Any help appreciated.


----------



## LA Basshole03 (Jan 17, 2019)

Think recommended rate is 5lbs per 1000 per month during the growing season. Sulphur takes a while to kick in so it's gonna take a while to work. You can look into citric acid applications as well.


----------



## g-man (Jun 15, 2017)

Not per month, per 6 months if the soil stays warm (eg. Houston TX), otherwise once a year.


----------



## Hann Kast (Mar 15, 2019)

g-man said:


> Not per month, per 6 months if the soil stays warm (eg. Houston TX), otherwise once a year.

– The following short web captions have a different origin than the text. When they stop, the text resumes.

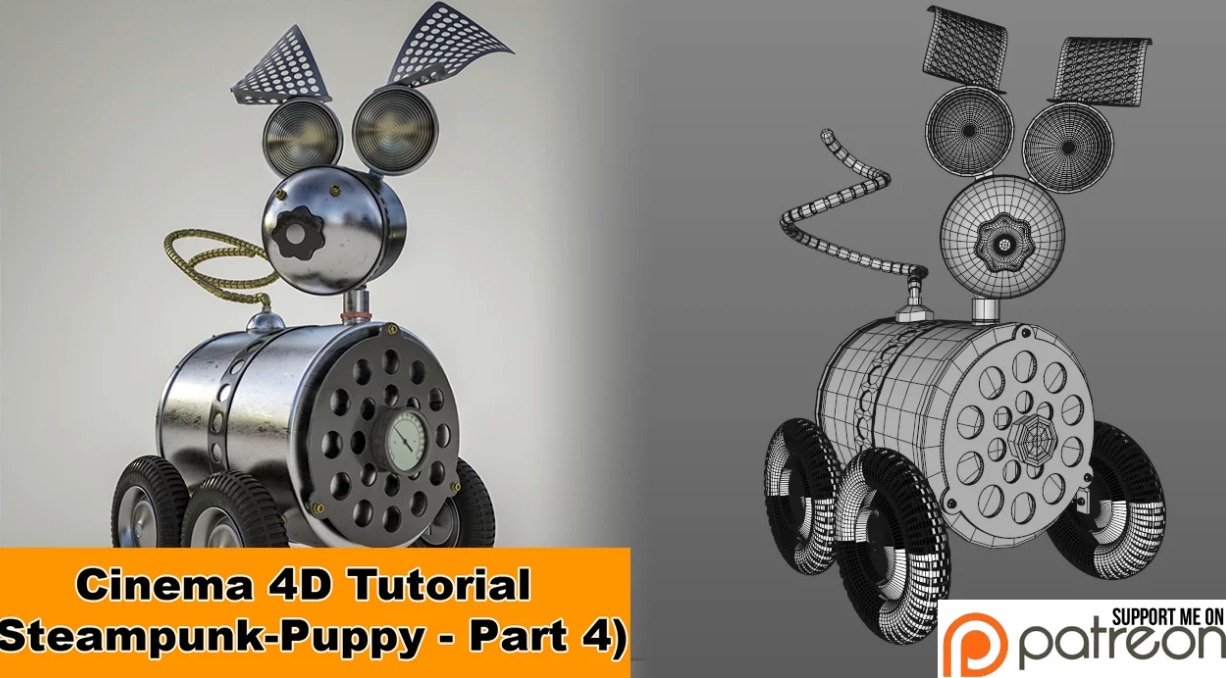 C4D蒸汽朋克小狗月球探测车制作教程第四部（含工程）Steampunk Puppy - Part 4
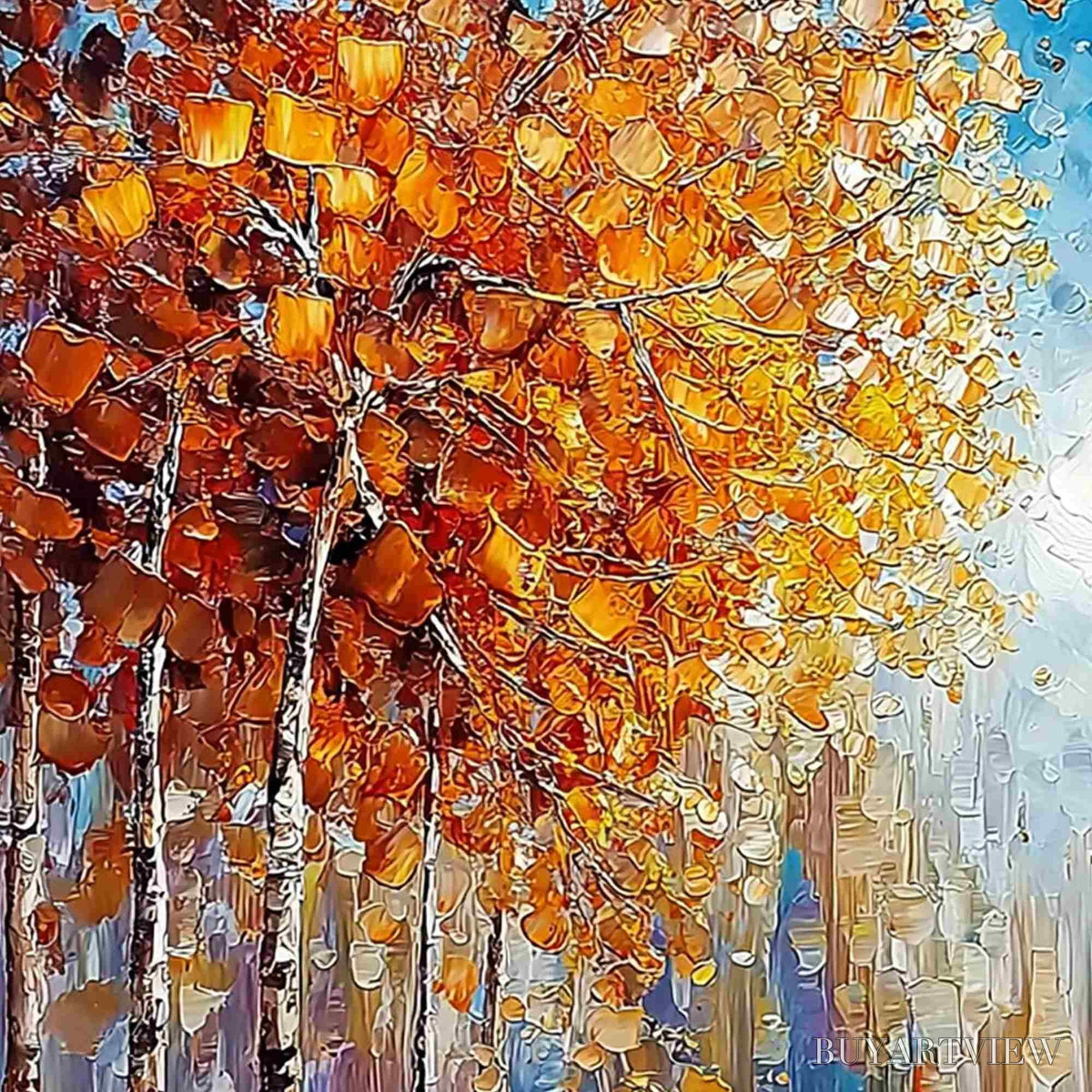 BUYARTVIEW Sunlit Stroll – Textured Palette Knife Autumn Forest Landscape Painting - image 3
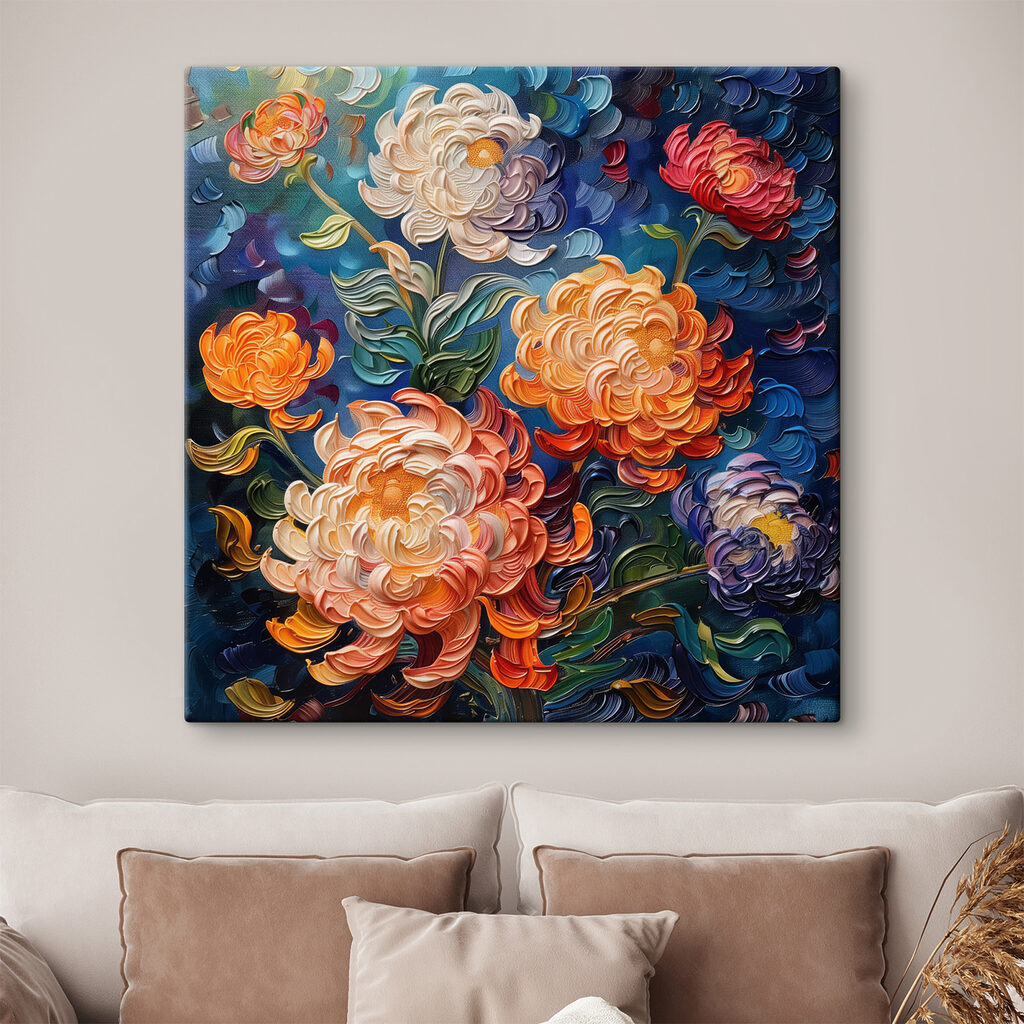 Fleurs en touches épaisses — intérieur 2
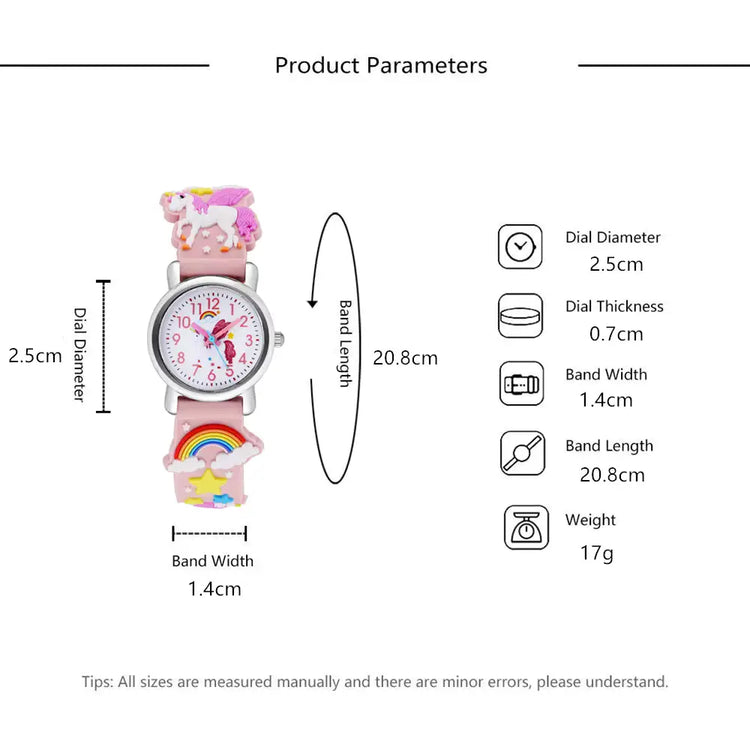Unicorn kids quartz watch product dimensions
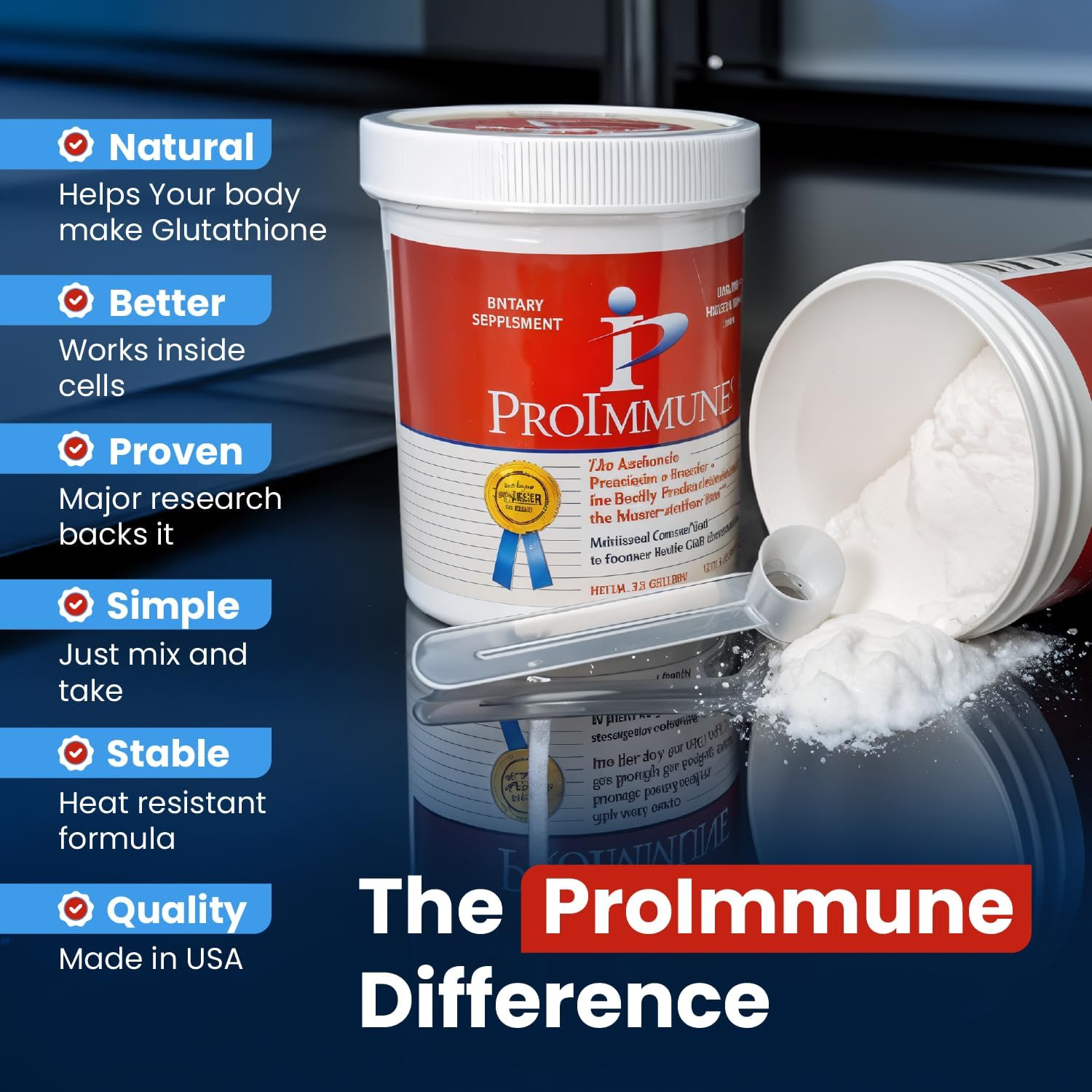 ProImmune Glutathione Supplement Powder for Immune and Liver Health - Natural Antioxidant Blend - 2 Month Supply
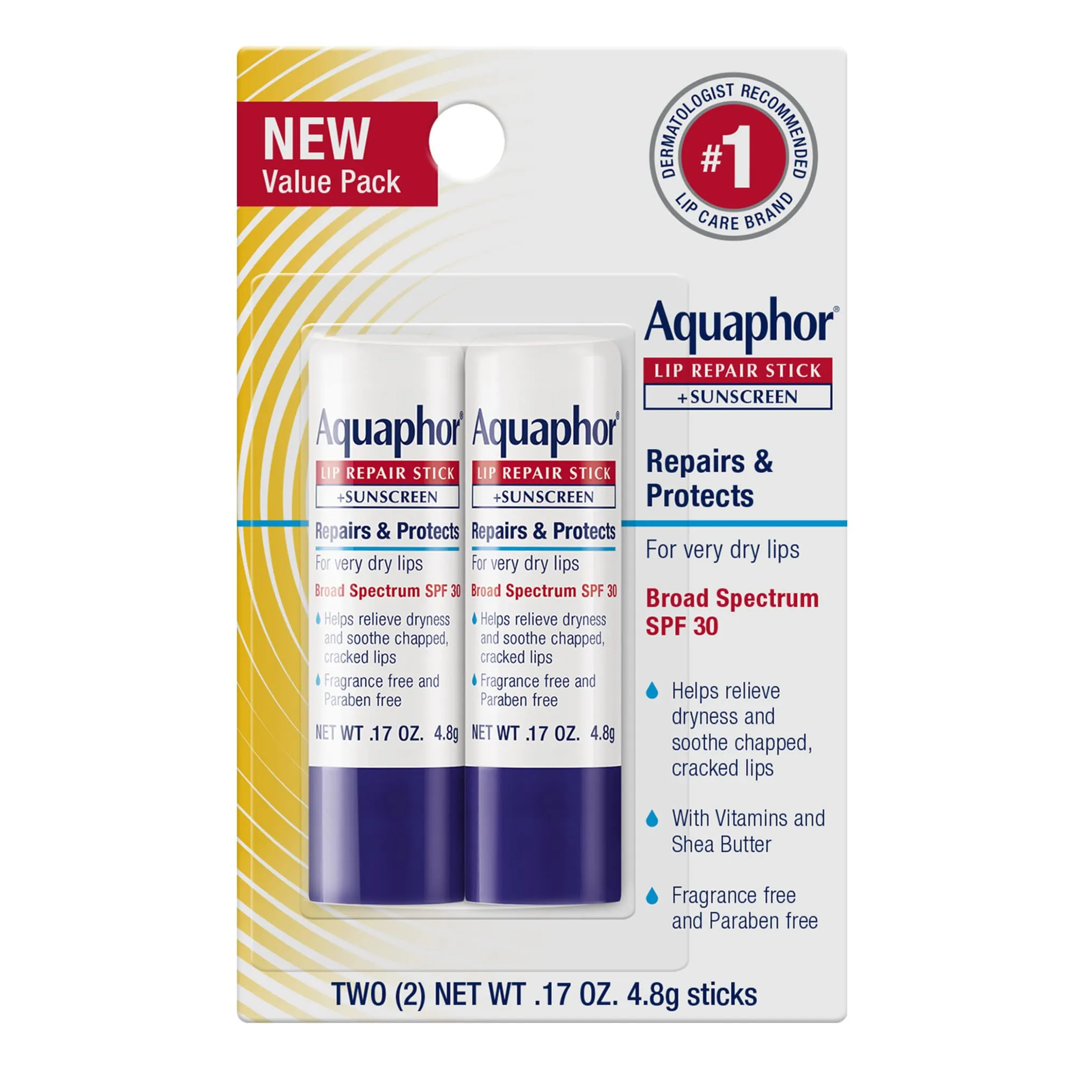 Aquaphor Lip Repair, Moisturizing Lip Balm Set, Soothes Dry Chapped Lips, Lip Repair Stick, 0.17 Oz (Pack of 2)   Lip Repair and Protect Stick, Lip Balm with Sunscreen SPF 30, 0.17 Oz (Pack of 2)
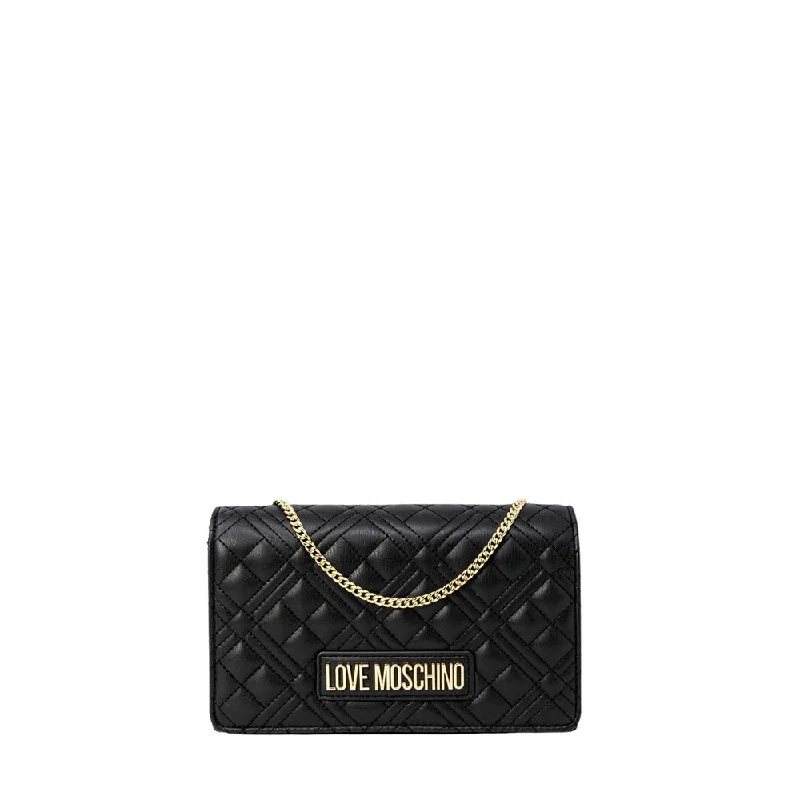 Quilted Tote Bags for Padded Look-Love Moschino Black Polyethylene Handbag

Does sulfur need to be watered in? If I apply and rain is expected the following day will it burn my lawn if I leave it just sitting there?


----------



## g-man (Jun 15, 2017)

I think it won't cause any issues, but Im not sure. I think it will be safer to water it in.


----------



## Mr McTurf (Jun 21, 2018)

Couple questions:

1. Do you irrigate your lawn?
2. If yes, what is the pH of your water?

Your irrigation water is going to be a significant factor for what your soil pH is and if you are irrigating with water that is 7.3, you are probably fighting a losing battle trying to change your pH long term.
7.3 isn't that high, I would learn to live with it if that is the case.


----------



## Hann Kast (Mar 15, 2019)

Is there a recommended way to test water pH? I've irrigated only two or three times this year due to getting plenty of rain but it looks like it's stopped this week so I'll be irrigating tomorrow morning.


----------



## BenC (Mar 27, 2018)

Mr McTurf said:


> Couple questions:
> 
> 1. Do you irrigate your lawn?
> 2. If yes, what is the pH of your water?
> ...


This is it. you can use any kind of pH meter or checker, you can also submit a water sample for analysis either to a private lab or an University/Extension lab. I like Tiger 90 for sulfur applications.


----------